SMS scnews item created by Philip Treharne at Fri 18 May 2007 1437
Type: Seminar
Distribution: World
Expiry: 23 May 2007
Calendar1: 23 May 2007 1400-1500
CalLoc1: Eastern Avenue Lecture Theatre

Applied Maths Seminar: Marchant -- Modulation theory and undular bores


Speaker: Assoc/Prof Tim Marchant, University of Wollongong 

Title: Modulation theory and undular bores 

DATE: Wednesday, May 23 
TIME: 2:00pm 
LOCATION: University of Sydney, Eastern Avenue Lecture Theatre (Level 1) 


Undular bores describe the evolution and smoothing out of an initial step in mean height
and are frequently observed in both oceanographic and meteorological applications.
Whitham’s modulation theory, which describes slowly varying wavetrains, is a popular
technique for describing averaged quantities, such as wave amplitude and mean height
throughout the bore.  The undular bore solution for two equations, a higher-order
Korteweg-de Vries (KdV) equation and the modified KdV (mKdV) equation are derived.  

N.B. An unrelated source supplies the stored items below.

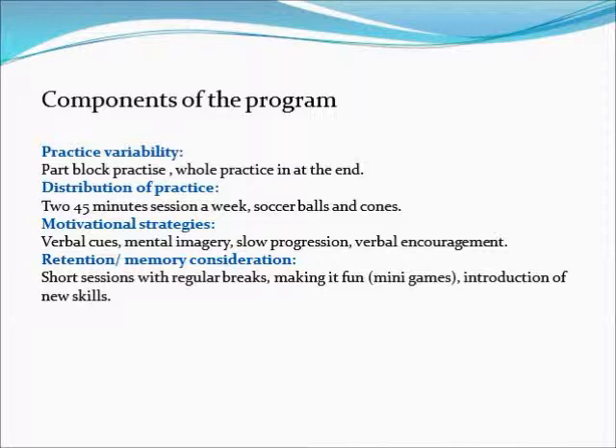To keep the learner motivated throughout the program, motivational and teaching strategies such as verbal cues and encouragement will be used. There will also be mental imagery used throughout the program and the learner will be shown videos of successful soccer players to help motivate and inspire them.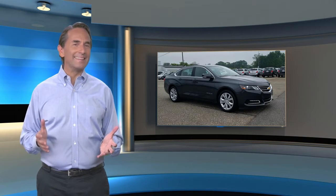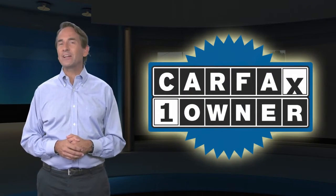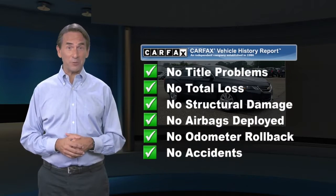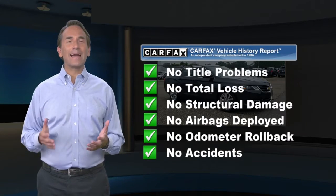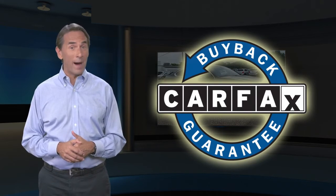Feel confident in this Carfax verified one owner vehicle with the Carfax Vehicle History Report. Find this complimentary Carfax Vehicle History Report online or contact the dealership. This vehicle qualifies for the Carfax Buyback Guarantee.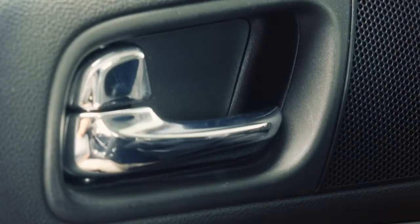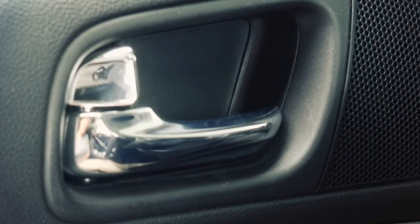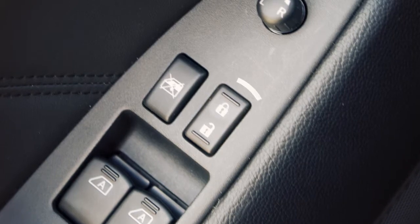To unlock the door manually, use the inside lock knob or the driver's or passenger's power door lock switch.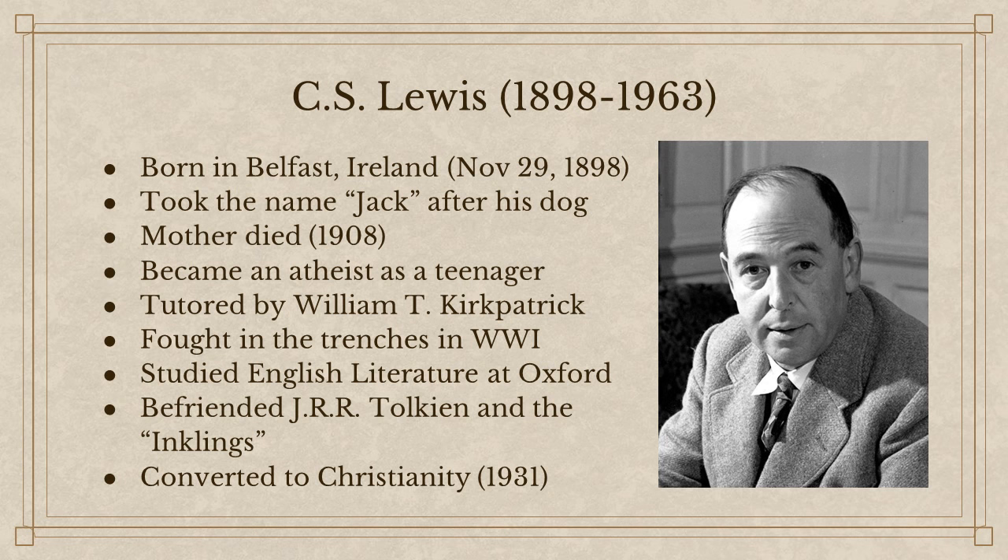C.S. Lewis is actually Irish, born in Belfast, Northern Ireland, in 1898. He took the name Jack after his dog — his dog was named Jaxie. As a kid he went by Jaxie, but then shortened it to Jack, and he stuck with that nickname for the rest of his life. Kind of like Indiana Jones, who got the name Indy from his dog.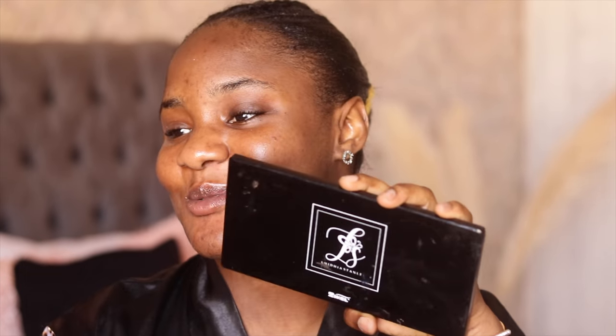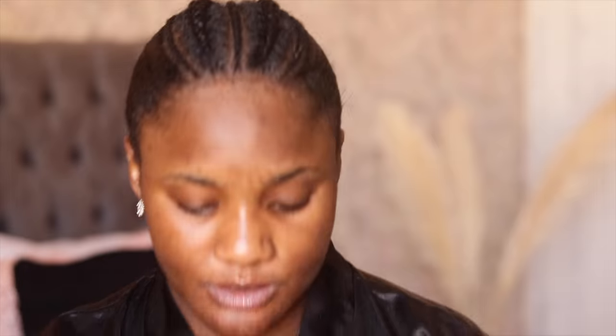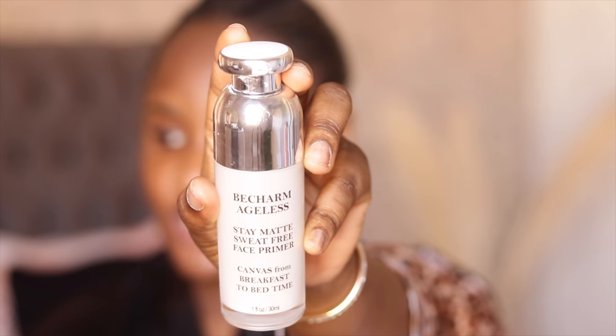That's what we're going to be doing today. So let's get right into this video. Today I'm going to be doing my makeup while I talk to you guys. I'm going to be using this Lydia Stanley palette — mine is not thin because I haven't used it on my channel before, but I'm going to be using it today. I'm going to start off by priming my face using this Beach Arm Ageless Stay Matte Sweat Free Face Primer.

For the higher-order KdV equation, the undular bore solution is derived using an
asymptotic transformation which relates the KdV equation and its higher-order
counterpart.  Examples of higher-order undular bores, describing both surface and
internal waves, are presented.  An excellent comparison is obtained between the
analytical and numerical solutions.  Also, it is illustrated how an asymptotic
transformation and numerical solutions can be combined to generate hybrid
asymptotic-numerical solutions, thus avoiding the severe instabilities associated with
numerical schemes for the higher-order KdV equation.  

For the modified Korteweg-de Vries (mKdV) equation, two types of undular bore are
found.  The first, an undular bore composed of cnodial waves, is qualitatively similar
to bores found for other integrable equations, with solitons occuring at the leading
edge and small amplitude linear waves occuring at the trailing edge.  The second, a new
type of undular bore, consists of sinusiodal waves, in the form of a rational function,
of finite amplitude.  At its leading edge is the algebraic solition of the mKdV
equation, while small amplitude linear waves occur at the trailing edge.  There are
three distinct parameter regimes in which a cnodial bore, a combined cnoidal-sinusional
bore or a sinusiodal bore combined with a mean height variation can occur.  Again an
excellent comparison is obtained between numerical and analytical solutions, for a
number of different parameter choices.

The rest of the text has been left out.